The product was prepared following the synthetic procedure described for the preparation of B and replacing D-Oxd-OBn with L-Oxd-OBn, overall yield 88%. M.p. = 142 °C (dec.); [α]²⁵_D −38.0° (c = 0.5 in EtOAc); IR (ATR-IR): ν 3358, 2982, 2933, 1779, 1722, 1683, 1610, 1518 cm⁻¹; ¹H NMR (CD₃OD, 400 MHz): δ 1.31 (9H, s, CH₃ t-Bu), 1.50 (3H, d, J = 6.4Hz, CH₃ Oxd), 2.66 (1H, dd, J = 15.6, 10.4 Hz, CH benzyl), 3.13 (1H, m, CH benzyl), 4.43 (1H, d, J = 4.0 Hz, CαH Oxd), 4.73 (2H, dq, J = 6.4, 4.0 Hz, CβH Oxd), 5.58 (1H, dd, J = 10.0, 3.6 Hz, CαH F₂-Phe), 7.16 (3H, m, CH aromatic); ¹³C (CD₃OD, 100 MHz): δ 19.75, 27.14, 37.12, 54.39, 62.10, 74.76, 79.08, 116.45, 117.95, 125.58, 134.79, 148.25, 150.69, 152.53, 156.51, 170.04, 172.26; ¹⁹F (CD₃OD, 376.5 MHz): δ -143.98, -141.26.

4.4. Rheological Analysis

All rheological measurements were performed using an Anton Paar (Graz, Austria) MCR102 rheometer. A vane and cup measuring system was used, setting a gap of 2.1 mm. The gels were prepared as described and tested directly in the Thermo Fisher Scientific (Waltham, MA, USA) Sterilin cup, which fits in the rheometer. Time sweep experiments were performed at 23 °C (controlled by an integrated Peltier system) using a constant shear strain (γ) of 0.5% and a constant angular frequency (ω) of 10 rad/s, collecting 1 point every 20 s. Oscillatory amplitude sweep experiments (γ: 0.01−100%) were also performed at 23 °C using a constant angular frequency of 10 rad/s. Step strain experiments were performed on hydrogels, subjecting the sample to consecutive deformation and recovery steps. The recovery step was performed by keeping the sample at a constant strain γ = 0.03%, i.e., within the LVE region, for a period of 400 s. The deformation step was performed by applying to the gel a constant strain of γ = 100%, i.e., above the LVE region of the sample, for a period of 300 s. The cycles were performed at a fixed frequency of ω = 10 rad s⁻¹ and repeated three times.

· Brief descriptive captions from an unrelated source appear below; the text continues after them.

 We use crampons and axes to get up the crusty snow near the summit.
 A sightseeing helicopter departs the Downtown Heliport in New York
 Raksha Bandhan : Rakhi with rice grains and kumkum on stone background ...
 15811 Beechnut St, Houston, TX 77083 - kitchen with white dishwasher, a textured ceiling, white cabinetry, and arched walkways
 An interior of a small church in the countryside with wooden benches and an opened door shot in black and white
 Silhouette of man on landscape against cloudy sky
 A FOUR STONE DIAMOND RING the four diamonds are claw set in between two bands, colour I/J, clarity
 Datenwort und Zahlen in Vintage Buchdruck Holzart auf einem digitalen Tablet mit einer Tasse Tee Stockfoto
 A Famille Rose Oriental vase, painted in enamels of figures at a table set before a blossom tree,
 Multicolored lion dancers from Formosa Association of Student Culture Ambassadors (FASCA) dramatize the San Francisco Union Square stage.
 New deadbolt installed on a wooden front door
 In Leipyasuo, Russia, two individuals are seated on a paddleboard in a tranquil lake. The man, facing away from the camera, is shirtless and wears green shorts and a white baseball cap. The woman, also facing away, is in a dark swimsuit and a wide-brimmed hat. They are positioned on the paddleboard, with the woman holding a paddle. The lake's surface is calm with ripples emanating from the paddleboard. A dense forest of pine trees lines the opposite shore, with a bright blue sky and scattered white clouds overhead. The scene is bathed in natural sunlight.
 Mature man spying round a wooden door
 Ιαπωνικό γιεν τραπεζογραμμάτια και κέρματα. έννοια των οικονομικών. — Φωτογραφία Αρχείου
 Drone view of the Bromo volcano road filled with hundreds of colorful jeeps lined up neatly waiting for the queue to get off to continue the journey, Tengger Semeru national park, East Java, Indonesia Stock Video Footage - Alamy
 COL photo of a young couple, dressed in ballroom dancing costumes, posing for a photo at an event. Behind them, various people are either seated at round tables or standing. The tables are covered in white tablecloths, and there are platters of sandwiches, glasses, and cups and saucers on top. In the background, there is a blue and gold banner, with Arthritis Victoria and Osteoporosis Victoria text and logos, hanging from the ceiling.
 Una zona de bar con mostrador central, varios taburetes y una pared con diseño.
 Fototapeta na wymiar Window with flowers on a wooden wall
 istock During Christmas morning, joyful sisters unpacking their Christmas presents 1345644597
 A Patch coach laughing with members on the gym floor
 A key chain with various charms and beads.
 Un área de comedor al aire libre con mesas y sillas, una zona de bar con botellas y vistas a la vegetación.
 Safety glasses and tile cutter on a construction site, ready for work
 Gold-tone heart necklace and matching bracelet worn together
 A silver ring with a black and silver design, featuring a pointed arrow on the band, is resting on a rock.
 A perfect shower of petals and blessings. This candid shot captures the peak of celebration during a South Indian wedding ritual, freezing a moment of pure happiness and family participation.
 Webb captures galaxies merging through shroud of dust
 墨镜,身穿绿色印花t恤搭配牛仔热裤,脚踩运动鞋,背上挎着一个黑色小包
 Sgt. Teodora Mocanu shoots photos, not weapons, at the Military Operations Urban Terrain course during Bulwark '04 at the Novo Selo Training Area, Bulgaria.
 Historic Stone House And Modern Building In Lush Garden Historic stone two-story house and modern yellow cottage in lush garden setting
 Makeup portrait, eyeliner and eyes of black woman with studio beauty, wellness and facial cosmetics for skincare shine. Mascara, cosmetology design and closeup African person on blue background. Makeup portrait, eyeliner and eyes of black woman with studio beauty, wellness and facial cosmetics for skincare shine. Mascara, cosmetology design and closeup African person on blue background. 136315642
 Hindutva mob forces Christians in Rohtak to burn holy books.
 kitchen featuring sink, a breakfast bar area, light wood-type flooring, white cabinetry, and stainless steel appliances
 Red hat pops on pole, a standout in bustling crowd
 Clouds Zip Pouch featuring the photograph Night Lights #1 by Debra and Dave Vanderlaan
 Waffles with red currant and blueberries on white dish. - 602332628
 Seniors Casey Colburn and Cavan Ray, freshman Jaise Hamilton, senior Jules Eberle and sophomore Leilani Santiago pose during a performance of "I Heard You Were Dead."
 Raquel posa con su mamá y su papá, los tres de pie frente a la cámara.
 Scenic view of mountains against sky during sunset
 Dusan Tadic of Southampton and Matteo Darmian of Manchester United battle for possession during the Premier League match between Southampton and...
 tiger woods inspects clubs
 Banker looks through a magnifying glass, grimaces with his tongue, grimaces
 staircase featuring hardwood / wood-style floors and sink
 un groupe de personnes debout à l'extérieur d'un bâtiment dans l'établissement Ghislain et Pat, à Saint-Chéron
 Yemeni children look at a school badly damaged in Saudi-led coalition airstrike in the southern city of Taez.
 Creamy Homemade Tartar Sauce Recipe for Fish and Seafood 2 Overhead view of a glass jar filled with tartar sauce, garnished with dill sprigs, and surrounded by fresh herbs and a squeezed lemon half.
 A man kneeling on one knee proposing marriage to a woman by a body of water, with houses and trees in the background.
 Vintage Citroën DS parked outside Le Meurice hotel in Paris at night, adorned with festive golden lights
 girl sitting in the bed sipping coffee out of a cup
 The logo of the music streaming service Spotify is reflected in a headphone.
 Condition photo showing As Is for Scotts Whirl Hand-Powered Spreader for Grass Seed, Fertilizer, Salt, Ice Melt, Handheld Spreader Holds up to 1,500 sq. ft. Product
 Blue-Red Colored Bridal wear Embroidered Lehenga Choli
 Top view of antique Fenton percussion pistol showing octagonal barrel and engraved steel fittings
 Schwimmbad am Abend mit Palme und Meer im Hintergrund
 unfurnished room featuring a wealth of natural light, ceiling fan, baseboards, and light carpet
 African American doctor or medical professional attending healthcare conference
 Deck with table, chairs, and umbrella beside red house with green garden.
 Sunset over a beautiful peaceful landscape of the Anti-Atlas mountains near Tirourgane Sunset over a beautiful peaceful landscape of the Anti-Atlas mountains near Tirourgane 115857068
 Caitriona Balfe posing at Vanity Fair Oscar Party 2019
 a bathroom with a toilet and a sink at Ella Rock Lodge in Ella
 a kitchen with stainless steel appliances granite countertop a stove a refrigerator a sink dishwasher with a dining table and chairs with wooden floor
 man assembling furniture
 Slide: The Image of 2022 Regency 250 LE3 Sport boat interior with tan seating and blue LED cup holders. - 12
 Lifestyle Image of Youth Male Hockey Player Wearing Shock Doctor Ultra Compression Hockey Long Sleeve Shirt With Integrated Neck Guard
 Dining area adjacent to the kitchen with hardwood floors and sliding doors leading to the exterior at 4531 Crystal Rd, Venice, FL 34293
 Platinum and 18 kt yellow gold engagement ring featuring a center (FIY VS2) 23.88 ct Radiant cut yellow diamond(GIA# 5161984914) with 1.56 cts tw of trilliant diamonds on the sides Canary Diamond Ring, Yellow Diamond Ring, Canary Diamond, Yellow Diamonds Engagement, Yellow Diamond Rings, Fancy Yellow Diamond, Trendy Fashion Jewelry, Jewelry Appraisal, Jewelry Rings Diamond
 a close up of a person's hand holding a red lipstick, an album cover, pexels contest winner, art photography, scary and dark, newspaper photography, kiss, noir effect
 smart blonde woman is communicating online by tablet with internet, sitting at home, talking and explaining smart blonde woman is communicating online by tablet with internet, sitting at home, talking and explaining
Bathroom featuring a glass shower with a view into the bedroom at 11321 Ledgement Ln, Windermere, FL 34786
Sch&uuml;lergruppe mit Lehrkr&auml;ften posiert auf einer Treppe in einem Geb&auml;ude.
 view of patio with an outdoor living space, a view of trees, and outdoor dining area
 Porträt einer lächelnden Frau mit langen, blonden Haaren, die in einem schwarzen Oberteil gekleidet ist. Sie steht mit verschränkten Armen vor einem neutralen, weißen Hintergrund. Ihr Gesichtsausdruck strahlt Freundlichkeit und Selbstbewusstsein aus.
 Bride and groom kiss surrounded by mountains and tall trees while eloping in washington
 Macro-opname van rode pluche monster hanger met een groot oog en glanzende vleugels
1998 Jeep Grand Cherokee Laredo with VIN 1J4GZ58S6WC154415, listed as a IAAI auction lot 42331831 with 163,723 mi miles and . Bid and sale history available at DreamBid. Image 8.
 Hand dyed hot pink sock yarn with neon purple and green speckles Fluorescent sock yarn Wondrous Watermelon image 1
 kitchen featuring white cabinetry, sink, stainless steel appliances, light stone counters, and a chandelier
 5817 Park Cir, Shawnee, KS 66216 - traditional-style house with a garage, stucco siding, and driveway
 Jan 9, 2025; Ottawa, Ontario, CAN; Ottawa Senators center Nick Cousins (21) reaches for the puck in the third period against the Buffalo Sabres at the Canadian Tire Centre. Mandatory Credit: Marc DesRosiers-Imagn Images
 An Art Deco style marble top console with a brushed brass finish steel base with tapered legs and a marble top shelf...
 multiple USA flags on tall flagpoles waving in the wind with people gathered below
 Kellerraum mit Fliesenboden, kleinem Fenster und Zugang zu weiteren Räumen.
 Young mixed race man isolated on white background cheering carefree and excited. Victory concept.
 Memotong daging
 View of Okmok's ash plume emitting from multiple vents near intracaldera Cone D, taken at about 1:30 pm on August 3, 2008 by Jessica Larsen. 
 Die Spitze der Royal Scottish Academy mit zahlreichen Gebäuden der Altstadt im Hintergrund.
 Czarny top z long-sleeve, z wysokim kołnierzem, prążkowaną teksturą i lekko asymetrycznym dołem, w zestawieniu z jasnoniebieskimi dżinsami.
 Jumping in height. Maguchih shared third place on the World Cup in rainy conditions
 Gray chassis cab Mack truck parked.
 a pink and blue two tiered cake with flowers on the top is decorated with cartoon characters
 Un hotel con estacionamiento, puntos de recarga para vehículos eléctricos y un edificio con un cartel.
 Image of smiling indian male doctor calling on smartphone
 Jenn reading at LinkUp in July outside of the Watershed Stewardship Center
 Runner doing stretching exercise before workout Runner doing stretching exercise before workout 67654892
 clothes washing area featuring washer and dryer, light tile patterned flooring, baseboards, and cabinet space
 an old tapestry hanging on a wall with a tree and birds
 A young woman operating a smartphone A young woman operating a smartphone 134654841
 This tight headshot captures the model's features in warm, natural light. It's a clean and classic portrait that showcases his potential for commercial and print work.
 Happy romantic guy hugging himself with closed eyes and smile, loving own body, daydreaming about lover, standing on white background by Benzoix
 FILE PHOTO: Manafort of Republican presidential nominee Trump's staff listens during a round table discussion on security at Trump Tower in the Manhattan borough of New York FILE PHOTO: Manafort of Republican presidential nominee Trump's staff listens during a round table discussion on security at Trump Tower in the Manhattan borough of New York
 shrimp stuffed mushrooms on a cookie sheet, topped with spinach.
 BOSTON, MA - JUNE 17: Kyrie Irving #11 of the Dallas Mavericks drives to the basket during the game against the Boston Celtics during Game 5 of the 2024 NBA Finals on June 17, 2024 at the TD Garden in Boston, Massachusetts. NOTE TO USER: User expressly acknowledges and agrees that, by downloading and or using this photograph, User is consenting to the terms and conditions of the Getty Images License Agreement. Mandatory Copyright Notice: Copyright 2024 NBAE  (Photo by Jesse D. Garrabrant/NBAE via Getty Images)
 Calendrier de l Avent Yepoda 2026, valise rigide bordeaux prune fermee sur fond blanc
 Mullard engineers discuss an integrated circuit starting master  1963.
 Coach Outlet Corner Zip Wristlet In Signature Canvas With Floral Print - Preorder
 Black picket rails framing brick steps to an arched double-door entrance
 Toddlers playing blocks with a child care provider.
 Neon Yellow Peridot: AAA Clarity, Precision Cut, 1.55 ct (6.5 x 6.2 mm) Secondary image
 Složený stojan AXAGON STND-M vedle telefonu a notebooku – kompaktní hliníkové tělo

4.5. Optical Microscope Images

The optical microscope images were recorded using a Nikon (Minato, Japan) 13 ECLIPSE Ti2 Inverted Research Microscope with a 10× or 40× magnifier. A piece of the gel sample prepared in the Sterilin cups was cut using a bistoury and analysed both while wet and after complete drying.

4.6. Scanning Electron Microscopy

Scanning electron micrographs of the samples were recorded using a Hitachi 6400 field emission gun scanning electron microscope operating at 15 kV (Hitachi, Chiyoda, Tokyo, Japan).